According to dictionaries and earlier lessons, alacsony = "short" and kicsi = "small/little" but in this lesson, it's suddenly started sometimes translating alacsony as small, so ...
Adjectives that are before a noun don't take the plural ending -- only ones that stand by themselves (like the magasakat here) or that are after the noun (e.g. "the boys are short" = a fiúk alacsonyak).
It's accepted in some sentences so, for consistency, it should be accepted in others.
But I believe there's no easy way to change all sentences with Zsuzsa to accept also "Susie" at once -- so you may come across ones that don't and it would be good if you used the "Report a problem / My translation should be accepted" on each one individually. Thanks :)
Is that normal that I hear "alacsonyfi..úkatlát" and not "alacsony.. fiúkatlat?" I mean that I hear "fi" at the end of "alacsony" and the a short blank before the rest of the sentence?

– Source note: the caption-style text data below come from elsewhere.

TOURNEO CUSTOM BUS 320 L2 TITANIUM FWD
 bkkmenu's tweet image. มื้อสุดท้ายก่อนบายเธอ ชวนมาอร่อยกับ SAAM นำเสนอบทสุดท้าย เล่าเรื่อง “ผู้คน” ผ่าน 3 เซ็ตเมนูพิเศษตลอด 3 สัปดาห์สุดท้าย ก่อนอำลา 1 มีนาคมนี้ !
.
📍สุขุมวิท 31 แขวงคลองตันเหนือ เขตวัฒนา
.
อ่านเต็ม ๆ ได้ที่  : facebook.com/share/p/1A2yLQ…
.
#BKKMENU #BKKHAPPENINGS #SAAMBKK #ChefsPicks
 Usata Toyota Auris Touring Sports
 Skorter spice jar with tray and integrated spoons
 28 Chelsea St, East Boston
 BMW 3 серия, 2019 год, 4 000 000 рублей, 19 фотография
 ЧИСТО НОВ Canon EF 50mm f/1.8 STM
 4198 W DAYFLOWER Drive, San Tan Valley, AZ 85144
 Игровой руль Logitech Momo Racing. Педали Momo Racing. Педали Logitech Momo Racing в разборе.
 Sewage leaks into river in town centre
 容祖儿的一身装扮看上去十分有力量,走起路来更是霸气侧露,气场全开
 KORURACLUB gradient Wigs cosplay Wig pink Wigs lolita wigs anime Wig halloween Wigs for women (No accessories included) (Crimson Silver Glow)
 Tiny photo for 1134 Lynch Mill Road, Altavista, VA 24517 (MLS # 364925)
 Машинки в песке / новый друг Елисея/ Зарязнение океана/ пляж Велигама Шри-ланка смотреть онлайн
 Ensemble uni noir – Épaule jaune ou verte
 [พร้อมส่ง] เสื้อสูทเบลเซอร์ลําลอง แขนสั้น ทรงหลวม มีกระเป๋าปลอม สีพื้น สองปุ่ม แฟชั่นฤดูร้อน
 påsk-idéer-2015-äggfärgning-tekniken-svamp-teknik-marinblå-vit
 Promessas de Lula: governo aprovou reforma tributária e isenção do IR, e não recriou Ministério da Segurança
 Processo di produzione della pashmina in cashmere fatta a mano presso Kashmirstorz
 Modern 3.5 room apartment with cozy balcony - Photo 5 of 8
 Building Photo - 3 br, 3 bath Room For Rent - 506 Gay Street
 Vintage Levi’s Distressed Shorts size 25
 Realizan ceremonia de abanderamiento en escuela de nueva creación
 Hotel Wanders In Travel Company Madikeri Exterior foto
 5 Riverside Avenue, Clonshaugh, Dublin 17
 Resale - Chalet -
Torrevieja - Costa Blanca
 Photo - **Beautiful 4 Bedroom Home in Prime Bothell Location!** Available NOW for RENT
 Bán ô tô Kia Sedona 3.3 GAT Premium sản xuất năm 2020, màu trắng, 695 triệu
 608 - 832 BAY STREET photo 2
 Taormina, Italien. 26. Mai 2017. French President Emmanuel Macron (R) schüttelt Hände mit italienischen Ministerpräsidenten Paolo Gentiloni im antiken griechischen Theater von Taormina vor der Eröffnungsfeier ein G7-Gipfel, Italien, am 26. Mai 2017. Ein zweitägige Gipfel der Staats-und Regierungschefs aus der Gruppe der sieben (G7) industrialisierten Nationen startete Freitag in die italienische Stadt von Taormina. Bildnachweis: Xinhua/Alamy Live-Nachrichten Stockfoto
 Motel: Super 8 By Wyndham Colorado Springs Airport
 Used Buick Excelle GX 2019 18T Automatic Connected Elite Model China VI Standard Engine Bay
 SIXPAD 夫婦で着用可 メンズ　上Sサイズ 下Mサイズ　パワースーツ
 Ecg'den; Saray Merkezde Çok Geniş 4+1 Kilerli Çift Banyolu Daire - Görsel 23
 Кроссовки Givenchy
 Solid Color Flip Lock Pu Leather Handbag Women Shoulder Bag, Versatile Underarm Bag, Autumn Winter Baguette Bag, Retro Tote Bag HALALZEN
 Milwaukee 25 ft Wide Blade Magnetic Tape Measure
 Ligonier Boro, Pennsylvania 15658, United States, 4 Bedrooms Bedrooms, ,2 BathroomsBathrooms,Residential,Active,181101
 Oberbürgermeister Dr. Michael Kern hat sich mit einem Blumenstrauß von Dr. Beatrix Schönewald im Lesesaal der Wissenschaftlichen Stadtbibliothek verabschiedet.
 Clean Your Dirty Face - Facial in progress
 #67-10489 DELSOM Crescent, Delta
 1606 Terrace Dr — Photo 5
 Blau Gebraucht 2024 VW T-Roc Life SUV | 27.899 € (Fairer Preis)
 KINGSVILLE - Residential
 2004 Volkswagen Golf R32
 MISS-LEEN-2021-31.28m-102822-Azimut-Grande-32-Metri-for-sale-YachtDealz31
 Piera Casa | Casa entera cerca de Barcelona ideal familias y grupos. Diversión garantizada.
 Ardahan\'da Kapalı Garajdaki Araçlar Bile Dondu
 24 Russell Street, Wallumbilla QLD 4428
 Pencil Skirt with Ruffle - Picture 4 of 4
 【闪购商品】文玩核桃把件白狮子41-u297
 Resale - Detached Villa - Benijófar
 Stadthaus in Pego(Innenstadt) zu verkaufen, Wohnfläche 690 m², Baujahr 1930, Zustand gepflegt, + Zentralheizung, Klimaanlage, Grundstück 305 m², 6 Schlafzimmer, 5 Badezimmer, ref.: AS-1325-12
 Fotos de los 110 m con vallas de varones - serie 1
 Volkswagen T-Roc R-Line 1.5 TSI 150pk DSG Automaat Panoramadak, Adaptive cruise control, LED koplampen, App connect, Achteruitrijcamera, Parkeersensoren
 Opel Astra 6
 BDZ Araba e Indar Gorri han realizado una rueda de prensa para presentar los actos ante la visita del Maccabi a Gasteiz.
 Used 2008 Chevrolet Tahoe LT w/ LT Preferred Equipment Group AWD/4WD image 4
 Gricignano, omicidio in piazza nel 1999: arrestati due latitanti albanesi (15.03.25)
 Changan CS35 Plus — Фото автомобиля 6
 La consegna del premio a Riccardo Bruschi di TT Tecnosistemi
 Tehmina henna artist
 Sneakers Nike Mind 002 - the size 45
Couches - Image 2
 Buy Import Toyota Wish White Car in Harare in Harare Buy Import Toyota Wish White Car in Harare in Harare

I hear "alacsony fiúkat". It might be that the Hungarian accent is a neutral phonetic feature for you, and that your ear picks the long vowel as the accented one. I velieve that the accent in Hungarian is conveyed by a slight emphasis and a higher pitch (as in Finnish which is my mother tongue). On the other hand Italian, for example, uses the vowel length for accents.
I don't know, but some of the sentences are really weird (about a kindergarten teacher flying among planes, etc.). I guess it's because the lessons are created by a community of users, not necessarily by experienced teachers.